In this sentence, I wouldn't use the comma in the english translation, but in a german translation, I would so I'm not sure whether it's actually used like that in danish. It sort of looks weird to me, but then again, most danish I see in day-to-day-life is from facebook posts. everyone is lazy when it comes to commas on facebook so I might be wrong...
Well in this context, you can choose whether to use or not to use comma. In Danish we have something called a startkomma, which is a comma at the start of a dependent clause. You can choose to use this, or not to use this, but it must be done conscious.
When a dependent sentence comes first on the other hand, you must always use a comma.
We have other precepts for when to use comma, but I think it would be a too long explanation to go ower all of them :-)
the comma in english is because there is a "if" statement and the dependent clause has an explicit subject (you), there should be a comma :
I pay, if you design the dress
In danish it is different. for the danish rule, read this : https://sproget.dk/raad-og-regler/Retskrivningsregler/retskrivningsregler/a7-40-60/a7-45-51-komma/a7-49-50-ledsetninger
Of course, facebook is not the best place to learn grammar
If I'm not mistaken, 'Jeg vil betale' would be more akin to "I want to pay"
*I've received confirmation from one of the course creators, that 'Jeg vil betale' translates best to 'I want to pay' rather than 'I will'. I pay/I will pay is inherent in 'jeg betaler' on its own :) "Jeg vil gerne betale" is the more polite form, meaning "I would like to pay" rather than "I want to pay". The connotational difference is the same as in English really-- one is slightly less demanding/assuming
Usually sticking 'gerne' in just makes something more polite.
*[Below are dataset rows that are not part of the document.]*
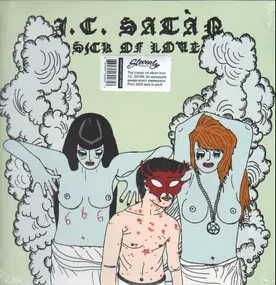 J.c. Satan - Sick of Love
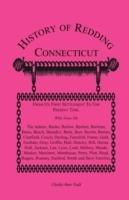 History of Redding, Connecticut--First Settlement to Present Time: With Notes On The Adams, Banks, Barlow, Bartlett, Bartram, Bates, Beach, Benedict, Betts, Burr, Burritt, Burton, Chatfield, Couch, Darling, Fairchild, Foster, Gold, Gorham, Gray, Griffin,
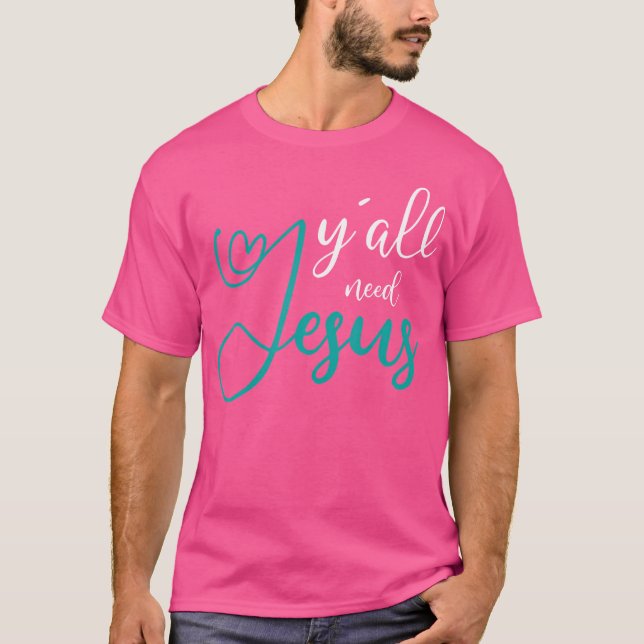 Yall Need Jesus T-Shirt (Front)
But modals in Danish can be pretty rough, the same words can mean completely different things (even opposites) depending on the context/verbs its being used with. I shall further investigate. *results of investigation edited into previous comment :P
The sentence heavily implies it, if the person designs the dress than he/she WILL pay.
"I pay if you design the dress."
That sentence does not even sound natural in English, but they have used a literal translation which can be dangerous because things are not always literally translated. I mean it makes sense but a native English speaker would not say it like that.
Buying is when you give someone money and get something in return, as part of a trade.
Paying is when you give someone money, perhaps as part of the transaction in the above example, or perhaps because you lost a bet, or you have an outstanding loan, etc. The acquiring of goods or services is not part of the verb "to pay".